UK: Court rejects undercover sex case in Nottingham

Wednesday, 10 February 2010

A man should not have been prosecuted for asking a woman for sex in a Nottingham red light district, a High Court judge has ruled.

The man was arrested for a public nuisance offence by an undercover police officer, in Mapperley Road.

The case, from July 2008, had been thrown out by magistrates previously, but prosecutors tried to reopen it.

At the High Court earlier, Lord Justice Elias criticised prosecutors for trying to criminalise lawful conduct.

‘Quite hopeless’

The police sting operation took place after complaints from Mapperley residents about the impact of prostitution in the area.

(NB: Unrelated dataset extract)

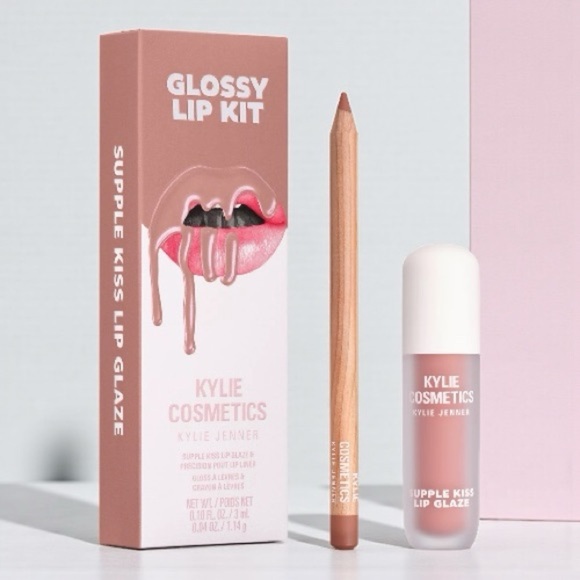 Kylie Cosmetics Lip Kit Coconut 2.0 - Picture 1 of 6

A police officer posed as “Sarah”, a prostitute, and agreed a price for sex with the man after he approached her.
Magistrates cleared him of any offence, ruling he had done nothing wrong.

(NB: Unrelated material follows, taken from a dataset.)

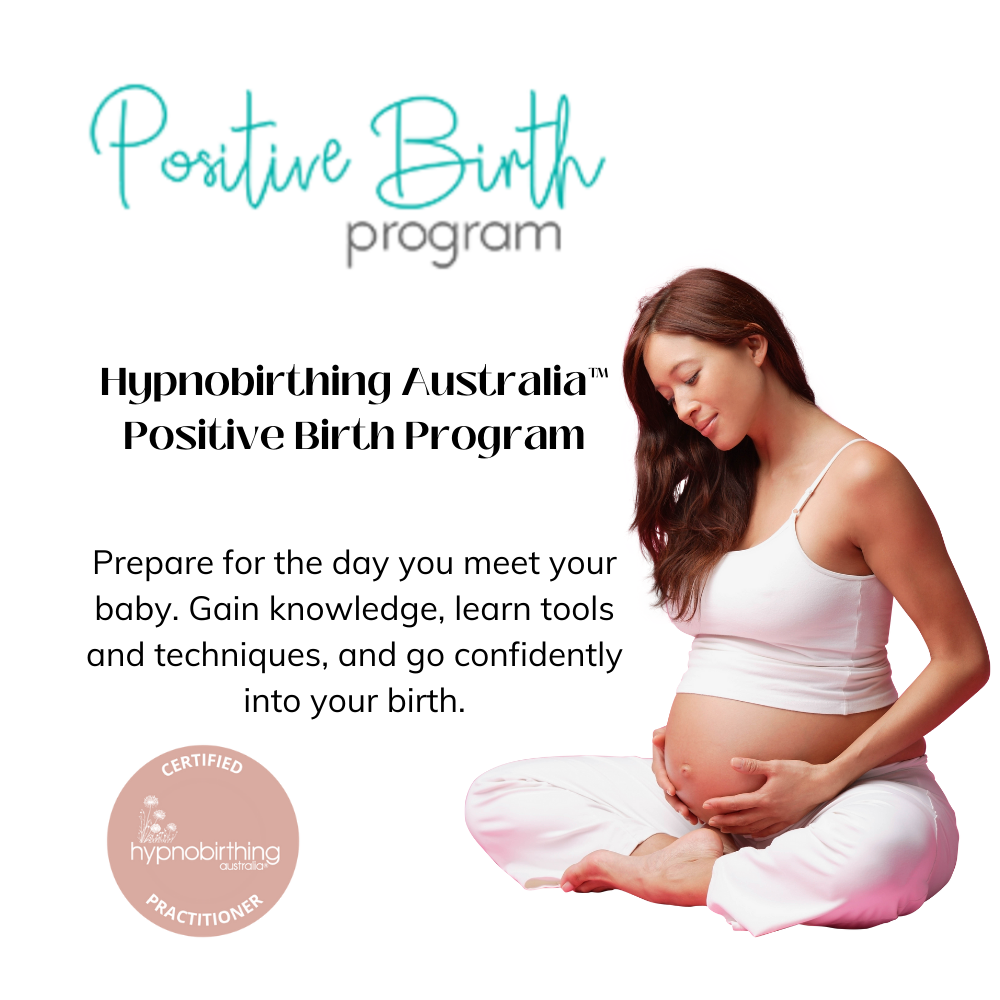 Birth Stories & Blog — Your Body Births ∙ Hypnobirthing ∙ Castle Hill ...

But the Director of Public Prosecutions tried to re-open the case in the High Court.

However, Lord Justice Elias said the attempt was “quite hopeless” and upheld the ruling a single incident of asking a woman for sex in a known red light district could not amount to a nuisance.

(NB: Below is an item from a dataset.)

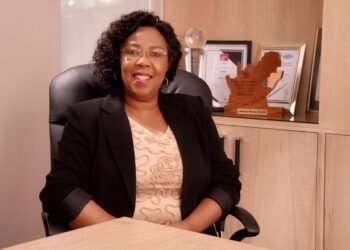 Cynthia Khumalo named first female Director-General of South Africa’s DSAC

He added “a single, otherwise lawful, act” does not become a criminal offence just because other people are carrying out “similar, otherwise lawful, activity” in the same area.

Observing prosecuting authorities were using “wholly artificial” concepts to criminalise lawful conduct which they considered to be “reprehensible”, Lord Justice Elias urged all courts to have “no truck with it”.